§ ASSIGNMENT
Would you please restate the data exactly as it stands, apart from the pictures?

Scraped caption text data
·····
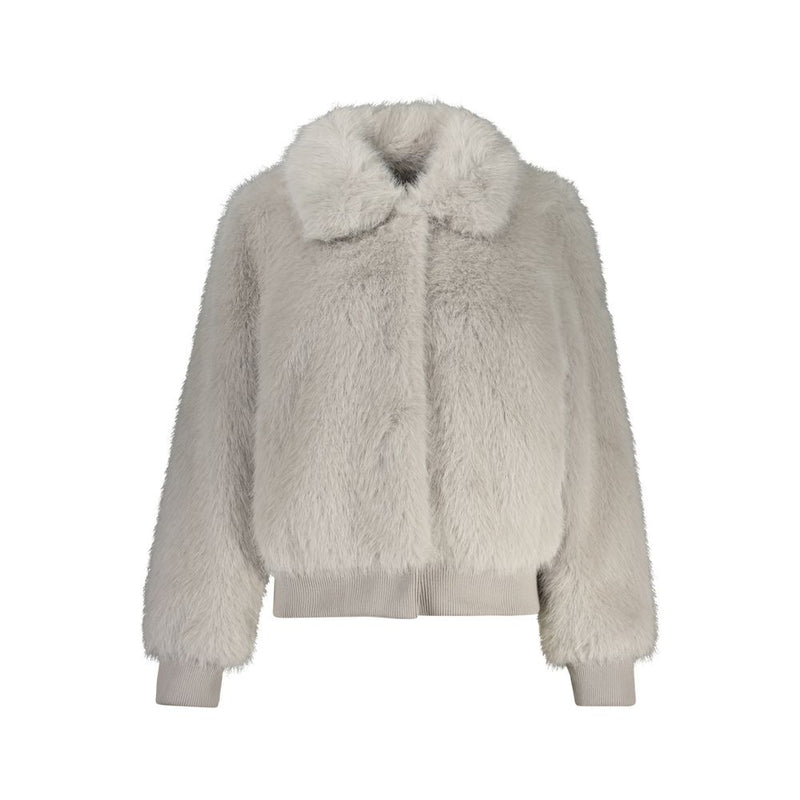 Gray Polyester Jackets & Coat-Guess Jeans-LabelTerrace.com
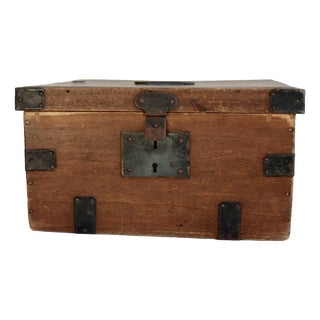 Small Antique Wooden Chest with Metal Fittings, 1930s For Sale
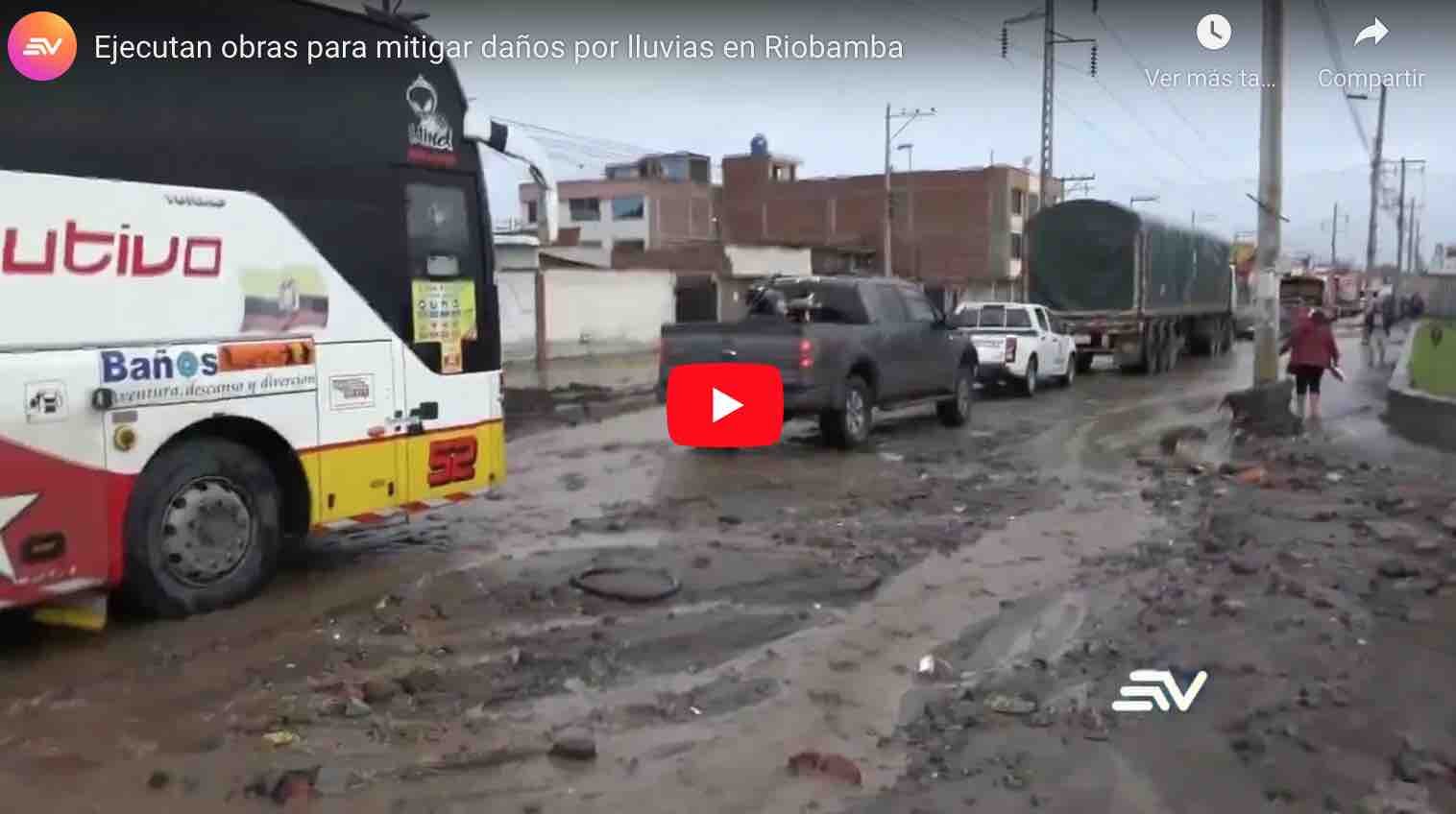 VIDEO: Ejecutan obras para mitigar daños por lluvias en Riobamba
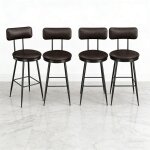 Tabouret de bar - nmonet - lot de 4 - simili - cuir noir - dossier ergonomique - design scandinave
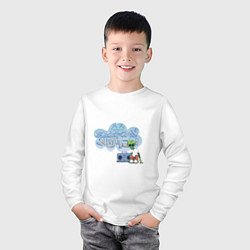 Лонгслив хлопковый детский Пришелец с бумбоксом, цвет: белый — фото 2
·····
§ WORKED SOLUTION
 Gray Polyester Jackets & Coat-Guess Jeans-LabelTerrace.com
 Small Antique Wooden Chest with Metal Fittings, 1930s For Sale
 VIDEO: Ejecutan obras para mitigar daños por lluvias en Riobamba
 Tabouret de bar - nmonet - lot de 4 - simili - cuir noir - dossier ergonomique - design scandinave
 Лонгслив хлопковый детский Пришелец с бумбоксом, цвет: белый — фото 2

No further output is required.